A pair of two-bed bungalows in the heart of Rookhope have been officially handed over to County Durham Housing Group. The new homes are the first new social housing of any kind in the upper-Weardale community, which has a population of fewer than 300 people, since the post-war era.
The bungalows, on Boltsburn Crescent, are also the first of 300 new purpose-built affordable homes being constructed on 17 sites between now and 2020 by County Durham Housing Group.
County Durham Housing Group Chief Executive, Bill Fullen, said: “We hear lots of talk about the housing crisis in big cities, but affordable housing is just as much of an issue in a small rural village like Rookhope.
“These bungalows might seem like a drop in the ocean to some. But to the families who will be able to live in this village, they will mean everything.
“I can’t imagine the circumstances where a private investor would be able to deliver a project like this, which the community wanted and knew that there was demand for. But, this is exactly the type of project where County Durham Housing Group can come into its own.”
The bungalows feature high levels of insulation, the latest heating systems powered by solar panels, and double glazing. They are expected to bring big savings to tenants when compared with older homes in the village. Demand for modern bungalows in Rookhope is high as most properties date back to the area’s lead and ironstone mining heyday, well over 100 years ago.
County Durham Housing Group is one of the region’s largest providers of affordable housing. Alongside the new properties in Rookhope, the group’s £30m new-build programme is creating new homes in communities like Pity Me, Bowburn, Crook and Seaham. As well as traditional affordable rent, construction is delivering ‘Rent to Buy’ homes, which will help hard-working families take their first step on to the property ladder.
The programme is also expected to create around 100 new jobs and apprenticeships. Construction at Rookhope was undertaken by Bishop Auckland based contractor T. Manners & Sons, further supporting the Weardale economy.
Simon Manners, Joint MD at T Manners & Sons Ltd and the fifth generation of his family to run the 157 year-old business commented: “It has been a real pleasure to work with County Durham Housing Group and deliver affordable homes in Rookhope. Our craftspeople are all locals to the county and so it feels special to be involved in this much needed project. We are pleased to be continuing our relationship with the group, building more bungalows at West Auckland and hope to do more in the future.”

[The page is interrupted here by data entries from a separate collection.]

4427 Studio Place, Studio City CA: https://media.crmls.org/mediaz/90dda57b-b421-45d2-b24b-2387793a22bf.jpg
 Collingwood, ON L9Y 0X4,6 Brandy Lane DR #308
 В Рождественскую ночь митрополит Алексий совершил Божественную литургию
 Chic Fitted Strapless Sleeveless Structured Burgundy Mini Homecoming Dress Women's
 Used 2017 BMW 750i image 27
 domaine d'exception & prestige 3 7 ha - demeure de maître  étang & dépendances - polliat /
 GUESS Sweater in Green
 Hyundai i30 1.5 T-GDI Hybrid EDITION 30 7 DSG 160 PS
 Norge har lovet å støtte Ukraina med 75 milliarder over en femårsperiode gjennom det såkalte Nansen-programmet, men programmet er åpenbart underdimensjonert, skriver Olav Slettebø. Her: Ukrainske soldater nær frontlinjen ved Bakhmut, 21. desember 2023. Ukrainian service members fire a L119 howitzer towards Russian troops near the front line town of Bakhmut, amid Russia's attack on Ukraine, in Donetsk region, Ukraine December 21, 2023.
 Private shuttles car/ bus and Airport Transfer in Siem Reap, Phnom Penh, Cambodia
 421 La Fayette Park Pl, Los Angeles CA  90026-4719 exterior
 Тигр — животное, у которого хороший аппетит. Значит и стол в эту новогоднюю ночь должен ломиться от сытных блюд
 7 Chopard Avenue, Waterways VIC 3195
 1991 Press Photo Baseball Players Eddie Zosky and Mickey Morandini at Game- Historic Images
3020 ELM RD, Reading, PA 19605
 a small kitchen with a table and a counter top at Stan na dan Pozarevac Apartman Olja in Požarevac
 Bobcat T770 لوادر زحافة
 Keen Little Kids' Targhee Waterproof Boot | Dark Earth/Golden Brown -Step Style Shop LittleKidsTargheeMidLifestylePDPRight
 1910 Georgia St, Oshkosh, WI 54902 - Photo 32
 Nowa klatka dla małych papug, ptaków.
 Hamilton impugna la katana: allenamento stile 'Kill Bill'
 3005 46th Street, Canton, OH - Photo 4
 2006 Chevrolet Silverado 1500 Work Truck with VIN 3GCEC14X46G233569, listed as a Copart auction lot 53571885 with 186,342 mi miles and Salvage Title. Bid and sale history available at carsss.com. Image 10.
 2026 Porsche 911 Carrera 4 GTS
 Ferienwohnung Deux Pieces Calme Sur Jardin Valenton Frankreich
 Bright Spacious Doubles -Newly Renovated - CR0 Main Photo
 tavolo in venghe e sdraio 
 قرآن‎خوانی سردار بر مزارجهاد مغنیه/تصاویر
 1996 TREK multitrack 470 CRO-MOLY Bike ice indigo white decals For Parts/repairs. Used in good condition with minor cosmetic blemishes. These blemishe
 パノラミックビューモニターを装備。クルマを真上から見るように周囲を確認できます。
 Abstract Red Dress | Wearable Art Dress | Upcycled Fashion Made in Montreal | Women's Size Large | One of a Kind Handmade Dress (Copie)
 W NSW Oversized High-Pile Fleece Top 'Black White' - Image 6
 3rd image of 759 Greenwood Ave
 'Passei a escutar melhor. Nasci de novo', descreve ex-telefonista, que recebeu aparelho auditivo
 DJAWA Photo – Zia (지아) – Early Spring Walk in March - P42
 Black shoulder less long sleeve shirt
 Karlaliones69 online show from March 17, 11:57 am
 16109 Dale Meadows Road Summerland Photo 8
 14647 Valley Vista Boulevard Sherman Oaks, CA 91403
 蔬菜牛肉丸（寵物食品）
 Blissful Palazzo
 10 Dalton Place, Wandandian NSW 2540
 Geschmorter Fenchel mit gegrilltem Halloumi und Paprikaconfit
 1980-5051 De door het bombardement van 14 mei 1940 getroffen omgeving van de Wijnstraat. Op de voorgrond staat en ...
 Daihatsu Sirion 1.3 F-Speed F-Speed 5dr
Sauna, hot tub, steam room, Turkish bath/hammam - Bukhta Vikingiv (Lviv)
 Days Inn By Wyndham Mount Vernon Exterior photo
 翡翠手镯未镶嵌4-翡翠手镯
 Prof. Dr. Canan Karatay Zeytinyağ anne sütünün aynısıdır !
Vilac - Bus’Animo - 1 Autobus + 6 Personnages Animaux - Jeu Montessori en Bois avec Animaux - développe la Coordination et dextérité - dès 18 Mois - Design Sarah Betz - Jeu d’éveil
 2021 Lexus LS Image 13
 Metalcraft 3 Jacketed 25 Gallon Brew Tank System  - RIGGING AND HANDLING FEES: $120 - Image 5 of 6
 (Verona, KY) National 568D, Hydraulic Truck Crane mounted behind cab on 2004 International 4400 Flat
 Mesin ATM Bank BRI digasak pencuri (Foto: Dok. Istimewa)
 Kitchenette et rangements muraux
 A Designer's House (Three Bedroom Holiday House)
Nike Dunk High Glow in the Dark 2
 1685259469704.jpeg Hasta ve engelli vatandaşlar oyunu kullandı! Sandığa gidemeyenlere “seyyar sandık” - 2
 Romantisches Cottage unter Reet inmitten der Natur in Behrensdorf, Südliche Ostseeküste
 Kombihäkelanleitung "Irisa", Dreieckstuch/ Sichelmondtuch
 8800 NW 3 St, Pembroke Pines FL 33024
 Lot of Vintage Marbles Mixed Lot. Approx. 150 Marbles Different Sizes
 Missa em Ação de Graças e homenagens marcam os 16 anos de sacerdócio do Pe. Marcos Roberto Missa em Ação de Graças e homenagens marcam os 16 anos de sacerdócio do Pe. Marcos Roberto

Rookhope, which sits high in Weardale above Stanhope, was a busy centre for the buoyant lead and ironstone mining industries until the early 20th century. Once known as Boltsburn, the village expanded greatly to serve the industry; criss-crossed by railways and dominated by chimneys. Nowadays the peaceful village is perhaps best known for its position at the foot of the fearsome Bolts Law incline on the popular Coast to Coast cycle route from Cumbria to the north east.